Stacy nie dała się na to nabrać. Wiedziała, że wychował się na Wschodnim Wybrzeżu i studiował na jednym z tamtejszych uniwersytetów. Zdecydował się na przeprowadzkę po to, żeby powrócić do korzeni.
– Masz coś dla mnie? – Zaprosiła go gestem do swego pokoju. – Może kawy?
– Nie, dzięki. Przyszedłem sprawdzić, jak wam się powodzi.
– No i co?
– Zaparło mi dech w piersiach.
– To z powodu McPhersona. Czasami zapomina się wykąpać. Nabrał u was tego przyzwyczajenia.
Benny roześmiał się.
– Jak zawsze czarująca! – Zaraz jednak spoważniał.
– Przyszedłem do Maca w sprawie tej zabitej prostytutki, a przy okazji chciałem się spotkać z tobą. Możemy pogadać na osobności?
Stacy skinęła głową i spojrzała na Campa, który dzielił pokój z nią i Makiem. Wrócił właśnie ze zwolnienia i przeglądał stos papierów, które zgromadziły się na jego biurku.
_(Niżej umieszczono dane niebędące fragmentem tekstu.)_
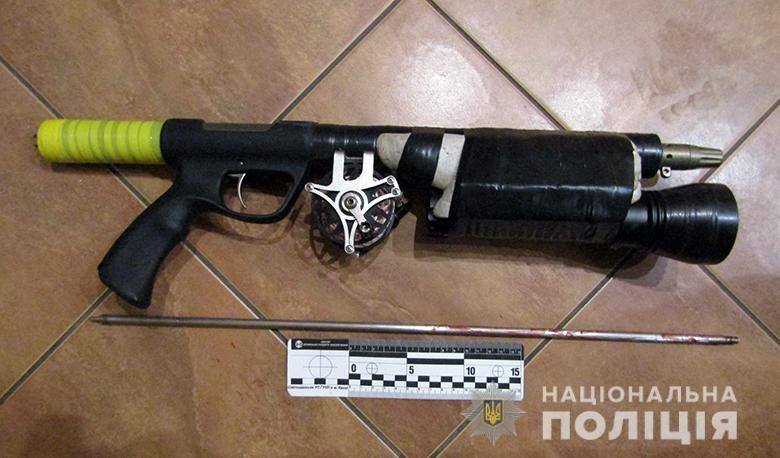 Сімейна сварка у Києві завершилася пострілом із гарпуна, фото — Нацполіція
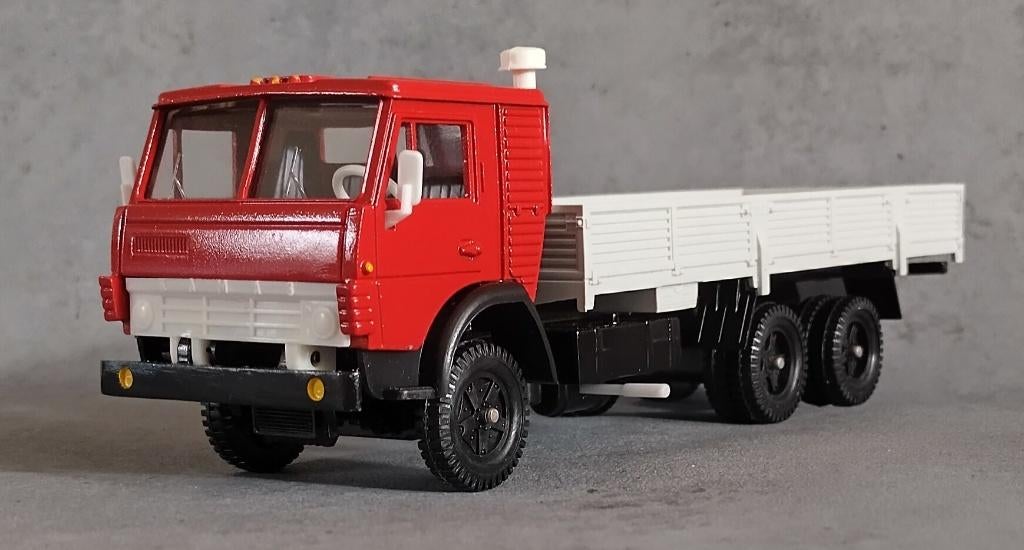 Schaal 1:43 KAMAZ 53212 USSR Russian Arek Kazan, Ophalen of Verzenden, Nieuw, Bus of Vrachtwagen, Overige merken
Stacy zaprowadziła gościa do pokoju przesłuchań.
– Dobra, wal śmiało.
– Jesteś przyjaciółką Dave’a Nasha, prawda?
– Dave’a? Jasne.
Nie zdziwiła się, że Benny zna Dave’a. Policja, a zwłaszcza obyczajówka, często zwracała się do niego z różnymi sprawami. Poza tym niektórzy policjanci byli jego pacjentami.
– Sprawdzamy właśnie jednego z bukmacherów z Dallas. Ma olbrzymie powiązania ze światem przestępczym. Zajmował się narkotykami, prostytucją i różnymi tego rodzaju rzeczami.
– Jest w gangu.
– Na to wygląda. – Urwał na chwilę. – Chodzi o to, że miał częste kontakty z Dave’em Nashem.
Stacy nie mogła uwierzyć własnym uszom. Czy to możliwe, żeby Dave zajmował się hazardem?
Hazard był zabroniony w Teksasie. Prawo pozwalało grać na pieniądze jedynie we własnym domu.
– To nie wszystko. – Benny zmarszczył brwi. – Wygląda też na to, że sporo ostatnio przegrał i że bardzo potrzebuje pieniędzy.
Cholera, jak to możliwe, żeby Dave był tak głupi?
– Poznałem Dave’a i wiem, że to fajny facet, ale nie mogę go chronić. Będziemy musieli go wziąć na przesłuchanie i trochę przycisnąć. Jak to się stanie, przekaż mu, że jest mi przykro.